What is needed ->
Return every line in the entries below where the word "Design" shows up.

Records from a dataset
---*---

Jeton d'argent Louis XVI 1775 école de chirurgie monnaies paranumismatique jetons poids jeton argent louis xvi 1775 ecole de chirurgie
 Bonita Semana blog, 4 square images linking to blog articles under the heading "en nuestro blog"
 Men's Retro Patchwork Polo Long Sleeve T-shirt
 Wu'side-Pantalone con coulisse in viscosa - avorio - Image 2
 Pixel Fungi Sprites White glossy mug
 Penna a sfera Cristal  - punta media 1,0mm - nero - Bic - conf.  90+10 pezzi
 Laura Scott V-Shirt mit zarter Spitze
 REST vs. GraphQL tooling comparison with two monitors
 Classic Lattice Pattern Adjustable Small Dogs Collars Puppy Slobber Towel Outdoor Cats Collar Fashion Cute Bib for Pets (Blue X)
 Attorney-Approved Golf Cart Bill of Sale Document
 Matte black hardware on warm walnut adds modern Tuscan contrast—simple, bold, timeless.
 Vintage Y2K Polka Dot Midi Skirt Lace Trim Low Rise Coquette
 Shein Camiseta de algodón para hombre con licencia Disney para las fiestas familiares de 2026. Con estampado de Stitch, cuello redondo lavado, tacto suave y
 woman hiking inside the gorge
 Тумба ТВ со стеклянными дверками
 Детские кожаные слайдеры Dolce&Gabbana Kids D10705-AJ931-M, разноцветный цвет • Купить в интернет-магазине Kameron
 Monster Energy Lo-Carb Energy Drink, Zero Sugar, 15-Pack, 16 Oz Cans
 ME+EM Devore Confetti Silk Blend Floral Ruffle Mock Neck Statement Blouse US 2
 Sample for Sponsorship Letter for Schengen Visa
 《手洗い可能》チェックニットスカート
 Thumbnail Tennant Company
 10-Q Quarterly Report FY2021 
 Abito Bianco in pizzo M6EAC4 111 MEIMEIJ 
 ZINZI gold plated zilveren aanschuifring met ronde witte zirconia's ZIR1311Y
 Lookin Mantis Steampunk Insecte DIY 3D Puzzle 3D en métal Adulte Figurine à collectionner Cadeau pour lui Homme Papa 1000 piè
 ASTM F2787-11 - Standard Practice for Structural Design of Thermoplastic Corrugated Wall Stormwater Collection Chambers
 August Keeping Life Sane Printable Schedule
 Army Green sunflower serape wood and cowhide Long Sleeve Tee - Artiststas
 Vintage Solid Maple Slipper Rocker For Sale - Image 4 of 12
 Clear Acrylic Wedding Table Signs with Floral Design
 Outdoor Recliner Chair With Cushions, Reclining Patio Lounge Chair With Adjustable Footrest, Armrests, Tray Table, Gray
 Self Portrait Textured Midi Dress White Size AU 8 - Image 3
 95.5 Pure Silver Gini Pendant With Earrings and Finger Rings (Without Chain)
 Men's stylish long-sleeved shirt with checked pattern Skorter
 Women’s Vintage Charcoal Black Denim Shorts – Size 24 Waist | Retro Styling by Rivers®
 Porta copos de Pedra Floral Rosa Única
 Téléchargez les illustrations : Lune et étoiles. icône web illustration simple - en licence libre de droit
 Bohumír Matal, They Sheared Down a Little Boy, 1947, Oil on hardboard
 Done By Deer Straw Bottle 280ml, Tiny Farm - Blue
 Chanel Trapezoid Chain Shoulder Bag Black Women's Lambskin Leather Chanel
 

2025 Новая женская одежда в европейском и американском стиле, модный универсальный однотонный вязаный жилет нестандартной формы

---*---

Result of the exercise ->
 ASTM F2787-11 - Standard Practice for Structural Design of Thermoplastic Corrugated Wall Stormwater Collection Chambers
 Clear Acrylic Wedding Table Signs with Floral Design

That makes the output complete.